付き合っていられません
ゆかりは眼を見開いて、嘲笑う娘を見た。
自分を産ませるためにゆかりを利用したと言ったのだ。
馬鹿みたい馬鹿みたい、愛せないことに罪悪感を抱いていたなんて、愛せなくて当たり前なのに、ゆかりのすべての不幸は娘優花のせいだったんだから。
生まれる前からゆかりを操って、自分の身体を作らせた。そしてゆかりの人生をめちゃくちゃにしたのだ。
夫が何か言いたそうな顔をしてゆかりを見ている。
ただ忌々しいだけの存在だ。
「何よ、過ちを犯した私を引き取ってなんて恩着せがましいのよ。あんたが一度でもあたしのことを考えてくれたことがあった!? あんたは自分の見栄のためにあたしを引き取っただけじゃない、立派な人だって言ってほしかったんでしょ、いやらしくて卑しくてみっともない男」
今までため込んできた恨みつらみを一気に吐き出す。
今までは負い目があった、しかしその負い目も消えた。だってゆかりは何も悪くなんかなかったんだから。

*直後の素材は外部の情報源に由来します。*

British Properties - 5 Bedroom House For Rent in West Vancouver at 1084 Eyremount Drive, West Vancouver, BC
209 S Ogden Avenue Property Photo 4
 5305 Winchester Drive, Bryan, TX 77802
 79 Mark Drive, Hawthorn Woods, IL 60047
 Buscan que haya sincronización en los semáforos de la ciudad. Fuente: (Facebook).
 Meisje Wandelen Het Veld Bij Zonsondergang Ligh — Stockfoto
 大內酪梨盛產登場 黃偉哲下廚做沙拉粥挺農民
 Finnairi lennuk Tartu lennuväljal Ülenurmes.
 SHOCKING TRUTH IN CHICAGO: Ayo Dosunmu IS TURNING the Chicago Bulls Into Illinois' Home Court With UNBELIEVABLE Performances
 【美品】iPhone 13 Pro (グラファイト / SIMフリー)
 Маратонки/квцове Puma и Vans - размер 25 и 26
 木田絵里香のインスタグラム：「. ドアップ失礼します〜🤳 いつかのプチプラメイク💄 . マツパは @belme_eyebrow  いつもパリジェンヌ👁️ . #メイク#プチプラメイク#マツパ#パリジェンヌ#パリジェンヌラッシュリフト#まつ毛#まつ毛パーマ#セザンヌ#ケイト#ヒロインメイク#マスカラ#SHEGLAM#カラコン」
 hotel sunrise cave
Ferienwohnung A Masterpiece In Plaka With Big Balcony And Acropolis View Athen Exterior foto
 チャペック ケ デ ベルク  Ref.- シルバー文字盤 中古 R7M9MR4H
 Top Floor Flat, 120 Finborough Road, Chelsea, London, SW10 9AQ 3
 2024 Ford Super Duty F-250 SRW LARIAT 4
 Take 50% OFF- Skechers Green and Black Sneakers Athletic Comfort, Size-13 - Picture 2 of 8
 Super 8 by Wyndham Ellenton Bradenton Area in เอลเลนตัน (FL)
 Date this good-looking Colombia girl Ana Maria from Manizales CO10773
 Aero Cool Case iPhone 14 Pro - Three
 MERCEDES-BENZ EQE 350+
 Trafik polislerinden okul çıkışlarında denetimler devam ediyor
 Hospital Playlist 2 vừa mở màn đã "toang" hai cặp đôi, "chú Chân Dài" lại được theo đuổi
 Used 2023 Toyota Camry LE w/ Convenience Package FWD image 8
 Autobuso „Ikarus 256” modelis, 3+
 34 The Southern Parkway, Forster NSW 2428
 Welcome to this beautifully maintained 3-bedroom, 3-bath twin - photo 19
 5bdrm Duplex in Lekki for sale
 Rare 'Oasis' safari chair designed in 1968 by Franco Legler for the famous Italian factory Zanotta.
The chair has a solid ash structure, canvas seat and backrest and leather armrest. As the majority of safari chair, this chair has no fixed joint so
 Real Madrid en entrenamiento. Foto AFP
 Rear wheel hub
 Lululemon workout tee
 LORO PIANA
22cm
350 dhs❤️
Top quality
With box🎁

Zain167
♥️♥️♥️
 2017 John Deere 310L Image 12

「何よ、傷ついた顔なんかして、みっともないのよ、本当のことでしょ、あんたは単に恩に着せる相手がほしかっただけでしょう。そうやって自己満足に浸っていたかっただけでしょう、みじめよね、そんな事をしなければ誰もあんたなんかに感謝してなんかくれなかったでしょうね」
ゆかりは心からの嘲笑を夫として今まで立てていた男に向ける。
ひきつってこわばったその笑みは、誰よりも醜かった。
そして再び娘だったものに向ける。
「お前のせいだ」
嘲笑っていた笑みが消えた。
母親の狂態は玉響媛すらあっけにとらせることができるものだった。
そのわずかな隙を利用して優花は身体の使用権を奪い取った。
目の前では一応両親と呼んでいた二人がもめていた。
「あんたが余計な口出しをするから、あの厄介者を引き取ることになったんじゃない、ほかに押し付けるあてがあったんだから」
鬼のような形相でそうわめいている。
高藤茉莉はいきなり降ってわいた修羅場に半ば硬直している。
下手すれば、玉響媛が現れたよりも驚いているかもしれない。
押し付けるあてというのは実父の姉のことだろうか、年の離れた姉で、その時点で家庭と優花よりも年上の子供もいた。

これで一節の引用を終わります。